Скорость сближения была огромной, она достигала 900 км/ч или даже больше. Все происходило стремительно. При этом вдобавок вам приходилось лететь сквозь огонь собственных зениток. Выпрыгнуть с парашютом в таких условиях было форменным самоубийством. Ближе к концу войны пилоты реактивных самолетов использовали другие методы атаки. Мы предпочитали, если это возможно, посадить поврежденный реактивный истребитель. Быть расстрелянным, вися на парашюте, – крайне неприятно, а с пилотами реактивных самолетов это происходило довольно часто.
Нужно сказать, что как только я принял командование JG-77, то был сбит в первом же вылете при атаке соединения В-24 «Либерейторов». В этот день я четко понял, что война стала совсем иной, чем в 1940 году.
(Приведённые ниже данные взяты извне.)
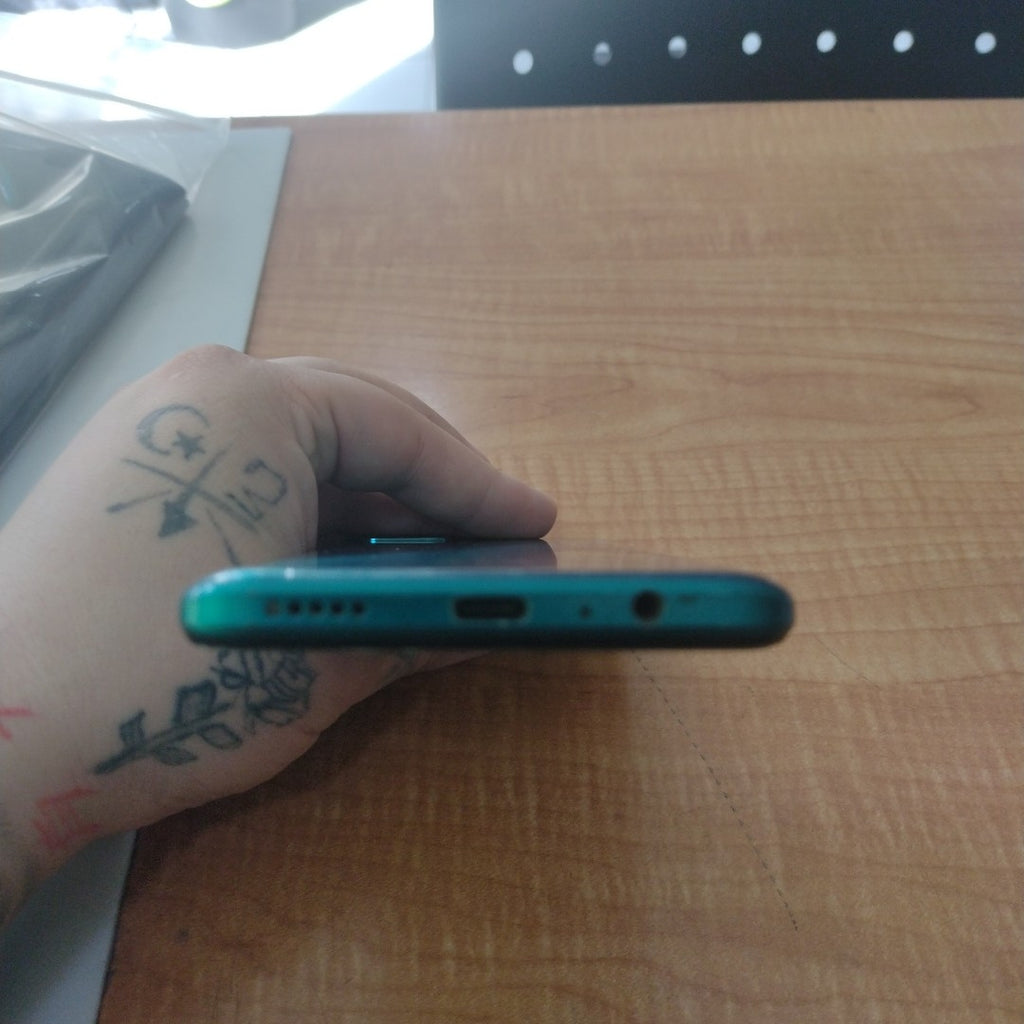 CELULAR HUAWEI NOVA Y60 WKG-LX9 64 GB 4 GB RAM (SEMINUEVO)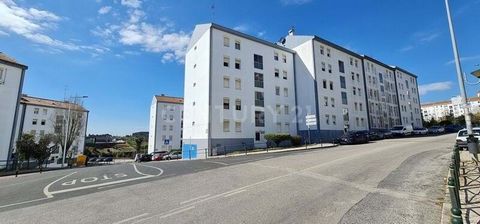 Apartamento T3 com uma área total de 68 metros quadrados, situado em Mira-Sintra, concelho de Sintra. Zona com boas acessibilidades com proximidade a um dos principais acessos a Lisboa, a IC19 situa-se a 10 minutos. O imóvel está localizado próximo à...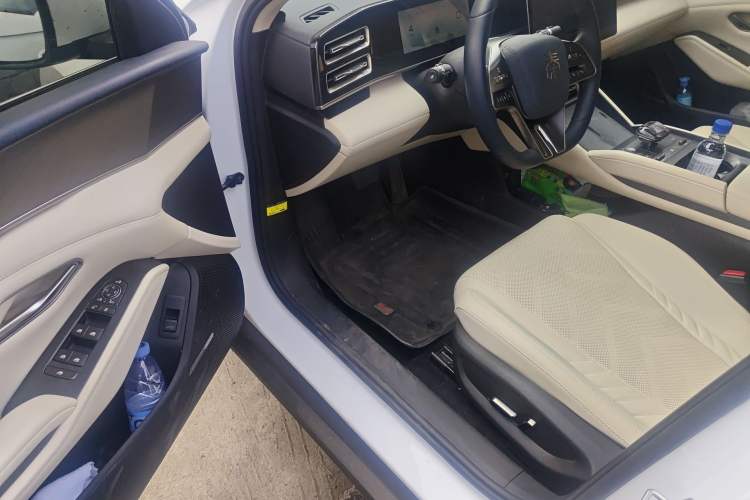 Used BYD Qin L 2024 DM-i 120KM Excellence Model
Я летел с горсткой пилотов атаковать огромное соединение, вероятно, около сотни бомбардировщиков, не имевших истребительного сопровождения. Я подумал: «Это будет легко». И я сильно ошибся. Я помнил, что следует атаковать спереди, и занимал отличную позицию – прямо на 12 часов чуть выше, расстояние составляло около 2000 метров.
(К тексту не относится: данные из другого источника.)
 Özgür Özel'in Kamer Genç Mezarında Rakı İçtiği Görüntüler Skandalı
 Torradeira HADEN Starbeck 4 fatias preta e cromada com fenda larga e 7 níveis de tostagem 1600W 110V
Я опустил нос истребителя и перешел в пике под углом 45 градусов. Я помню, как мое сердце забилось сильнее по мере сближения. Бомбардировщик, на который я нацелился, быстро рос на прицеле. Я даже не видел, куда попадают мои снаряды, и потянул ручку на себя. Оглянувшись, я не увидел ни дыма, ни огня. Мой ведомый передал, что подбит и выходит из боя. Я перевернул самолет через крыло, чтобы подготовиться к новой атаке, но буквально через минуту услышал глухие удары по моему истребителю. Мотор заглох, повалил дым, я почувствовал запах бензина. Теперь я понял, что лечу на бомбе, готовой взорваться. И тут истребитель перевернулся и превратился в тяжелый кирпич, фонарь полетел брызгами, когда по нему ударили еще несколько пуль.
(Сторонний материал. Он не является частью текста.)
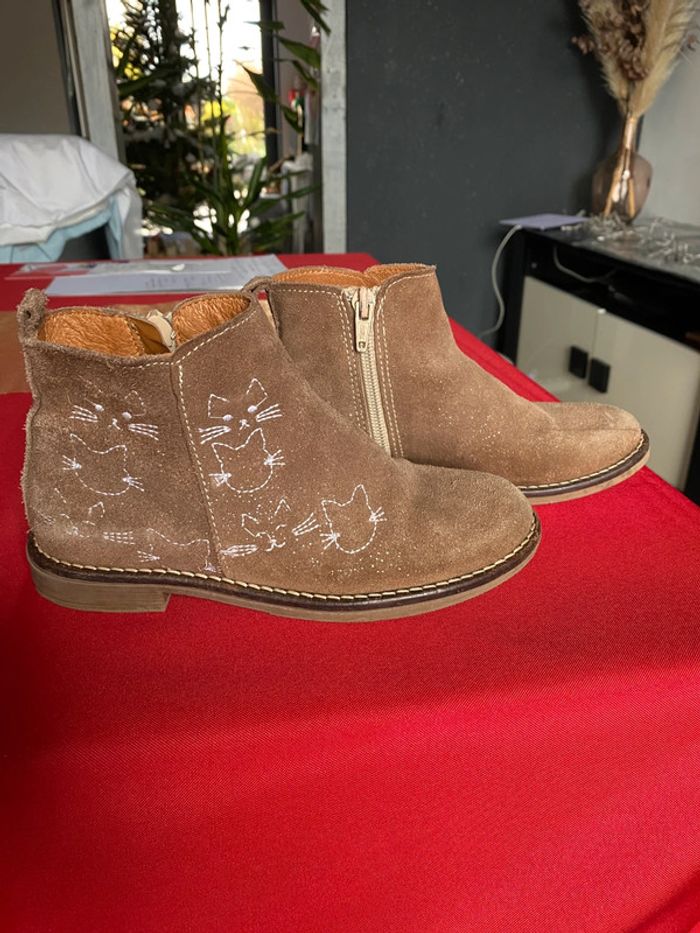 Bottines dessus cuir motif chatons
Огонь бортстрелков буквально разнес на куски мой истребитель. Я сумел сбросить разбитый фонарь и затянул ремни парашюта, которые я всегда держал ослабленными, чтобы они не мешали двигаться. Ме-109 перешел в пике, поэтому я потянул ручку на себя. Самолет сохранил управление, поэтому я сумел выровнять его. Когда я отстегнул привязные ремни, истребитель перешел в плоский штопор, бросив меня обратно на сиденье. Я снова попытался встать, оттолкнувшись обеими ногами. Меня выбросило, как пробку из бутылки шампанского. Я начал падать к земле и, посмотрев вниз, увидел, что мой истребитель продолжает вращаться.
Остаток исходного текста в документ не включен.